Problem statement
Look through the data below for the line with "Mumelia Candles Lotus'un", and transcribe it exactly together with each line after it up to and including the line with "Audi A4L — миниатюра 7". Give nothing else.

Dataset excerpts

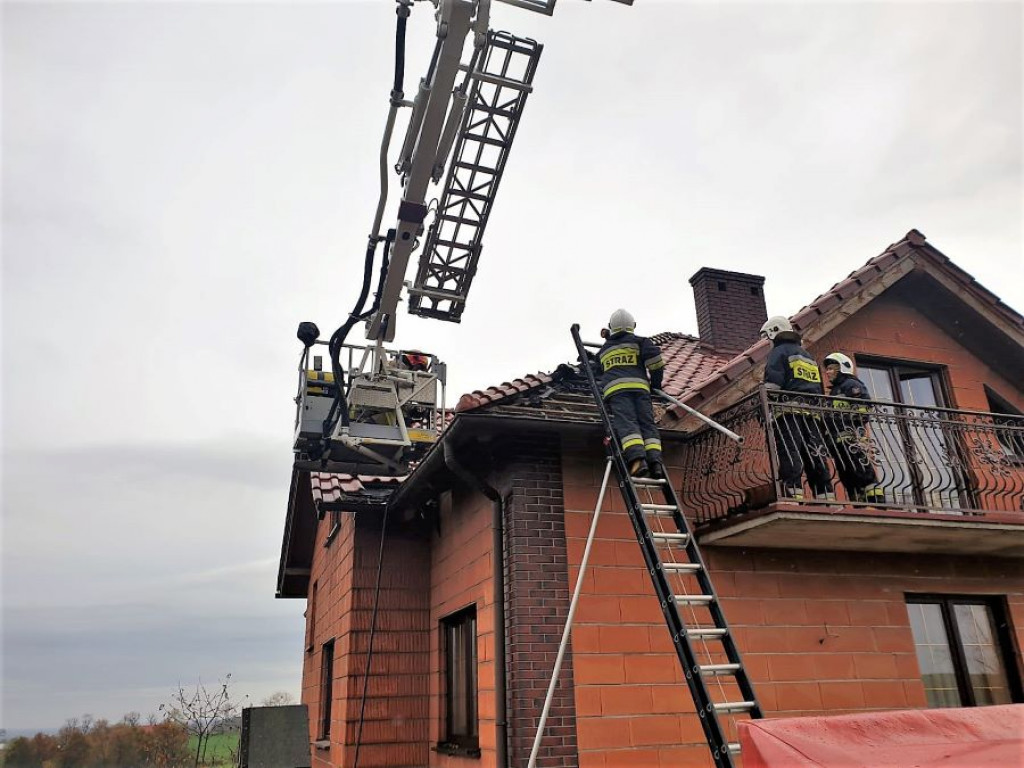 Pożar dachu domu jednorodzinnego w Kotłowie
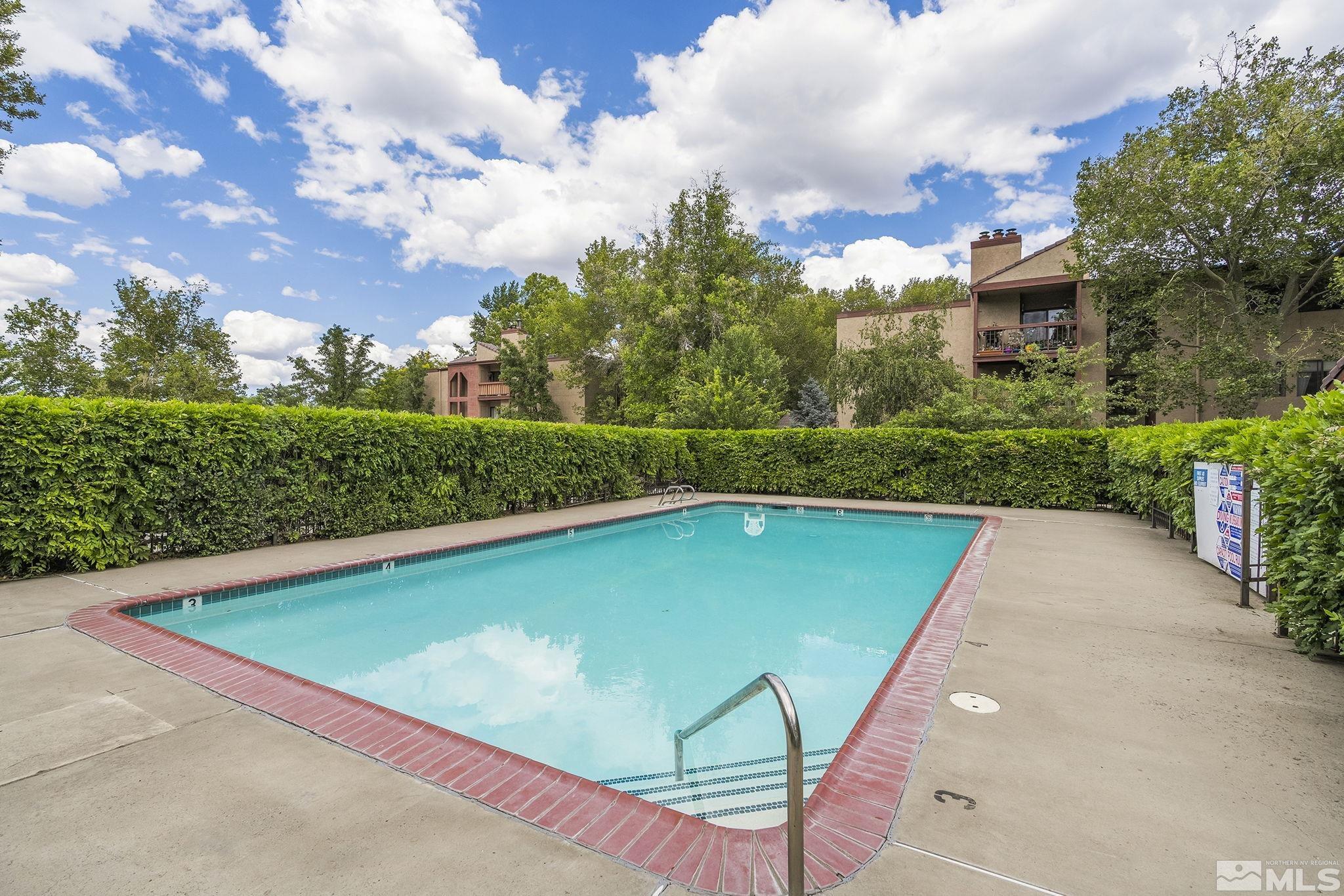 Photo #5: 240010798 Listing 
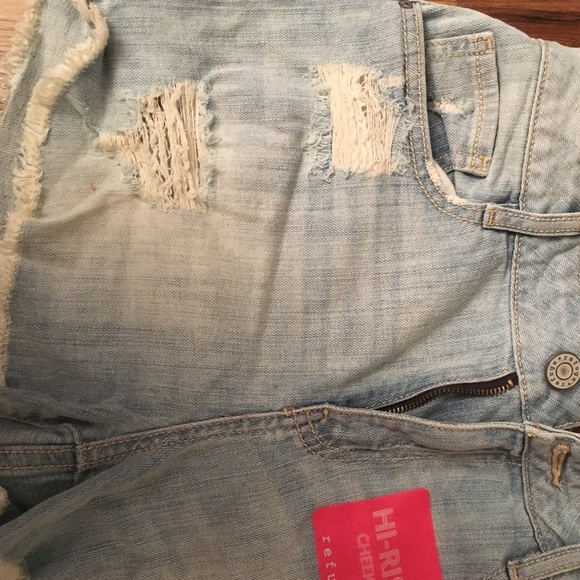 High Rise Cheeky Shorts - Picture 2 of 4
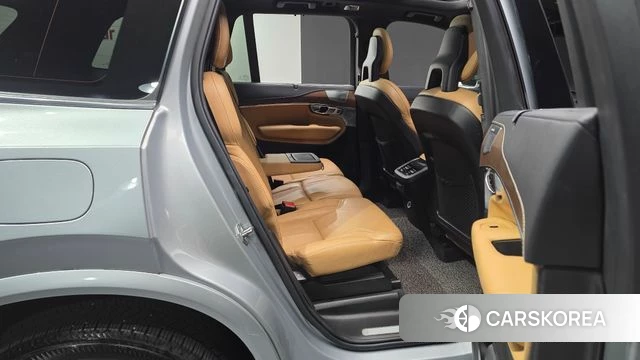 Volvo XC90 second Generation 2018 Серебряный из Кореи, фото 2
* * *
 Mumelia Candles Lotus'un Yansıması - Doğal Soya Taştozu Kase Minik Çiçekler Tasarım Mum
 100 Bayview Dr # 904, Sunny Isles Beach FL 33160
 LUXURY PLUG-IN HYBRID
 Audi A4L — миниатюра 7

Result for this task
 Mumelia Candles Lotus'un Yansıması - Doğal Soya Taştozu Kase Minik Çiçekler Tasarım Mum
 100 Bayview Dr # 904, Sunny Isles Beach FL 33160
 LUXURY PLUG-IN HYBRID
 Audi A4L — миниатюра 7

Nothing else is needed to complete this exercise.